AIM OF THE TASK
Nothing but the lines below from the one containing "Vitamínico Leão - Mel, Gengibre" through the one containing "Samsung SL202 vs" should appear in the answer, exact and without pictures.

PROVIDED MATERIAL

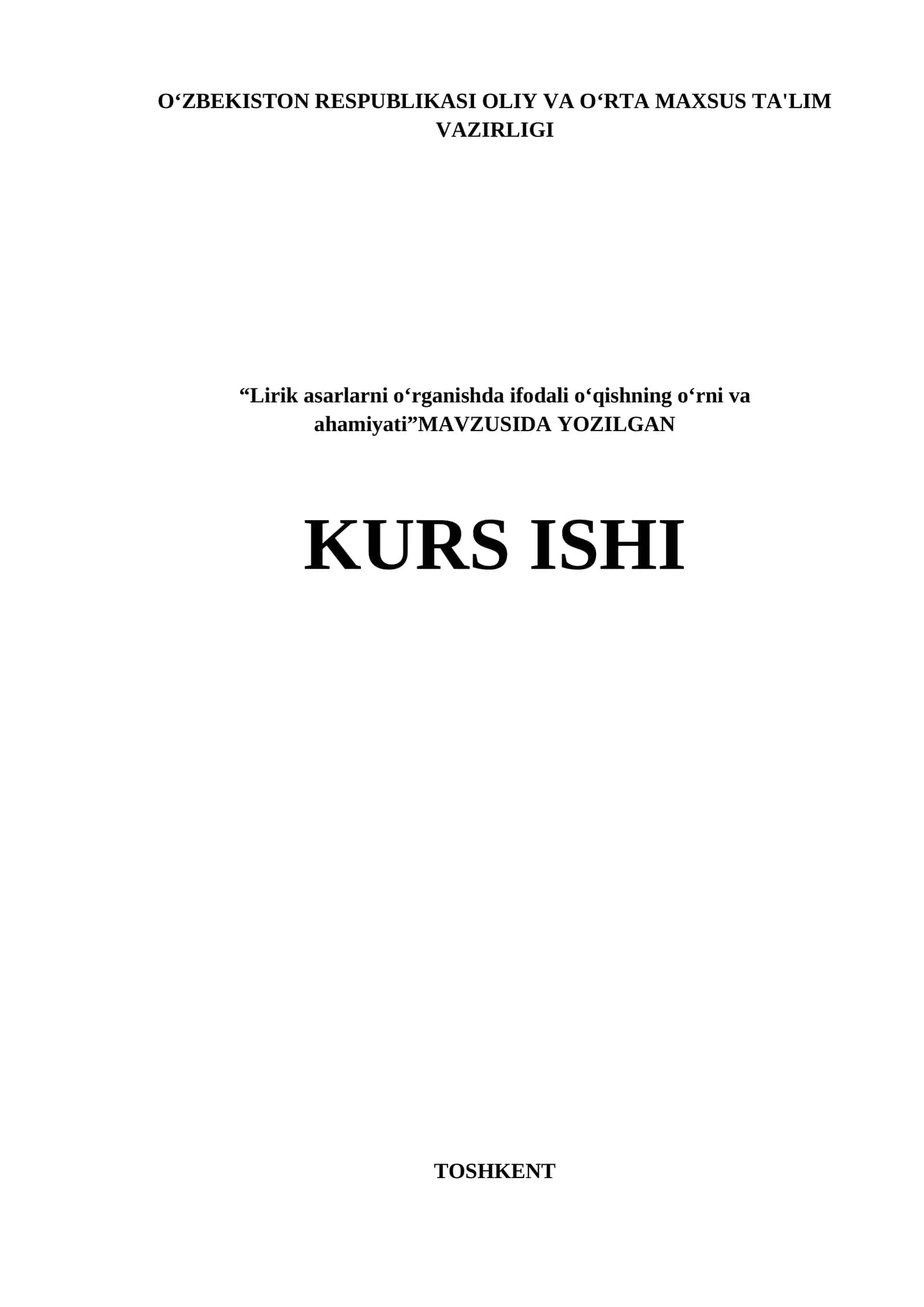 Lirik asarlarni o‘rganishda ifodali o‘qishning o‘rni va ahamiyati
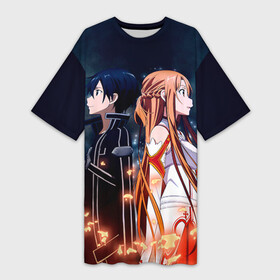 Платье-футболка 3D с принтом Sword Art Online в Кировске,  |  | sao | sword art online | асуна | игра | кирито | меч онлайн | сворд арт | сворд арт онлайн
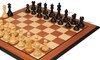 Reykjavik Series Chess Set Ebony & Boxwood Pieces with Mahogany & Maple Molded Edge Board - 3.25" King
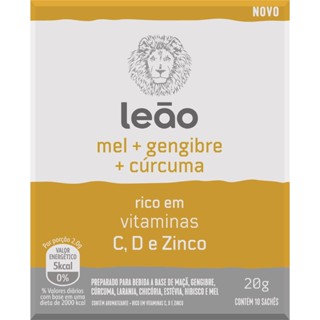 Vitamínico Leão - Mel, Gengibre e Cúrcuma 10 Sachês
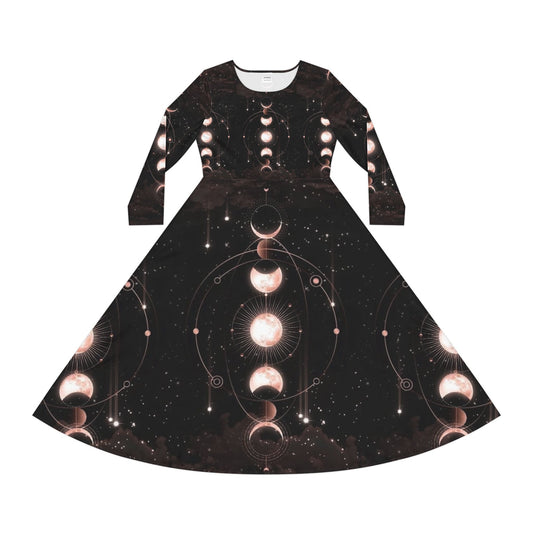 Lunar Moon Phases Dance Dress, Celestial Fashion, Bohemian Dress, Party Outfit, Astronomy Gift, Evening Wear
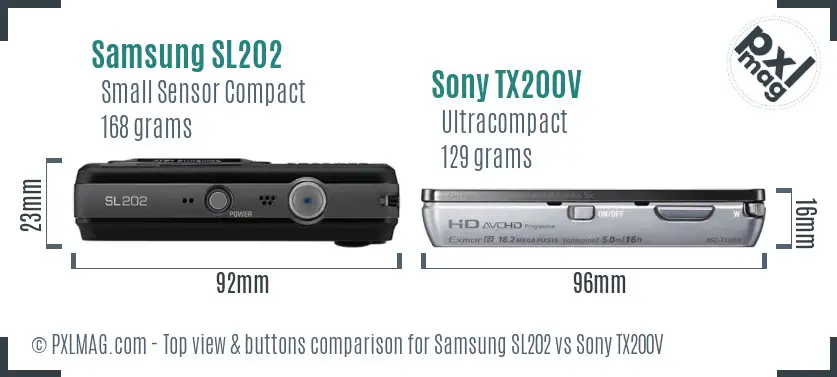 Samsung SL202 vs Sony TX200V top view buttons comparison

* * *

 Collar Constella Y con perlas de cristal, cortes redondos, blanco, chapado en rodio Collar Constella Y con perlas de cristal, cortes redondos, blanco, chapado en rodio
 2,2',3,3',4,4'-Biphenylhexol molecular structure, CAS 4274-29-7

---

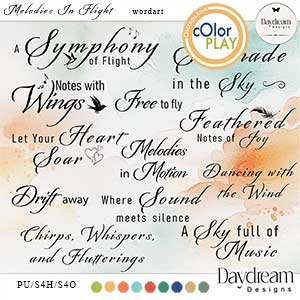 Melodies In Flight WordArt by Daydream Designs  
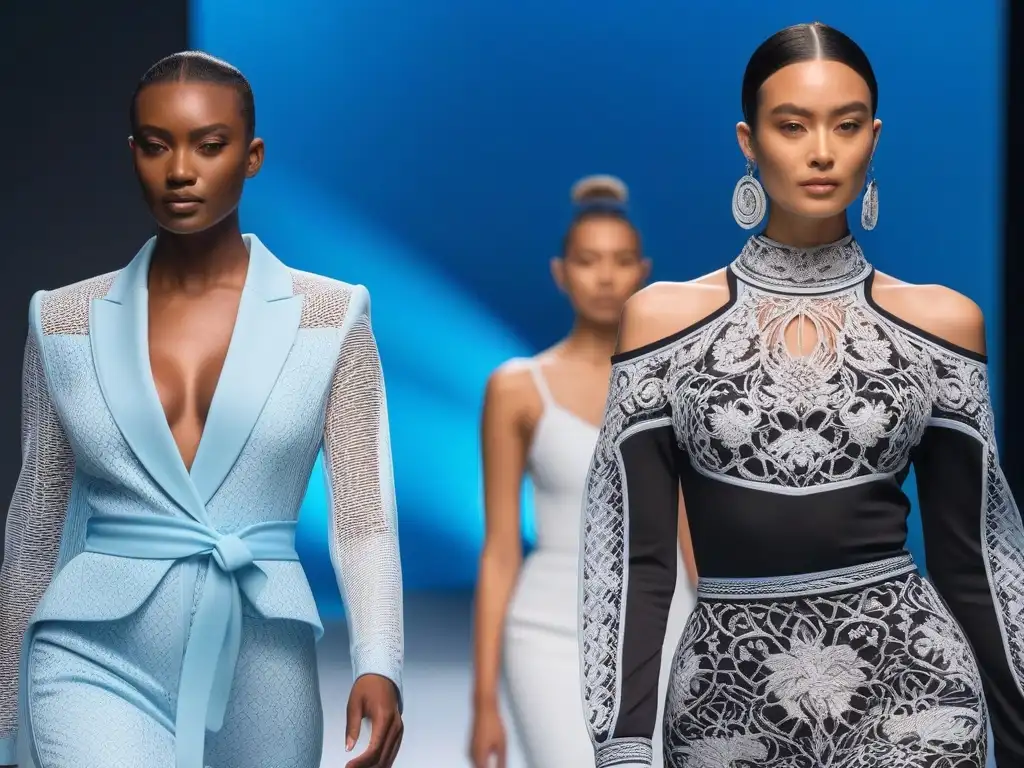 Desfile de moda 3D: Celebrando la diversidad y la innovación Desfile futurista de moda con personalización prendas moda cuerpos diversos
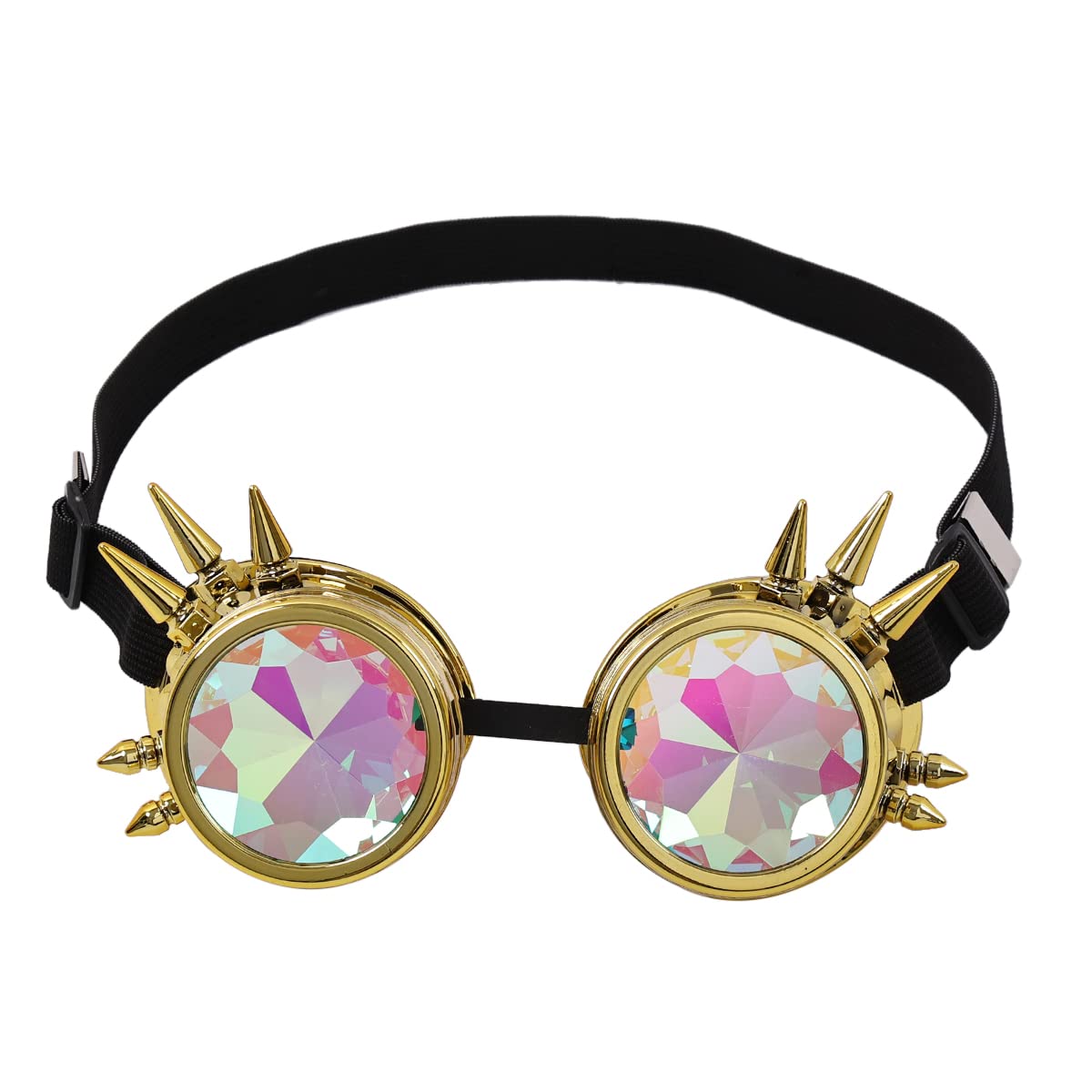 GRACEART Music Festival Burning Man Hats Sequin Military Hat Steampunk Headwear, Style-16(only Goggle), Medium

WRITTEN REPLY
 Vitamínico Leão - Mel, Gengibre e Cúrcuma 10 Sachês
 Lunar Moon Phases Dance Dress, Celestial Fashion, Bohemian Dress, Party Outfit, Astronomy Gift, Evening Wear
 Samsung SL202 vs Sony TX200V top view buttons comparison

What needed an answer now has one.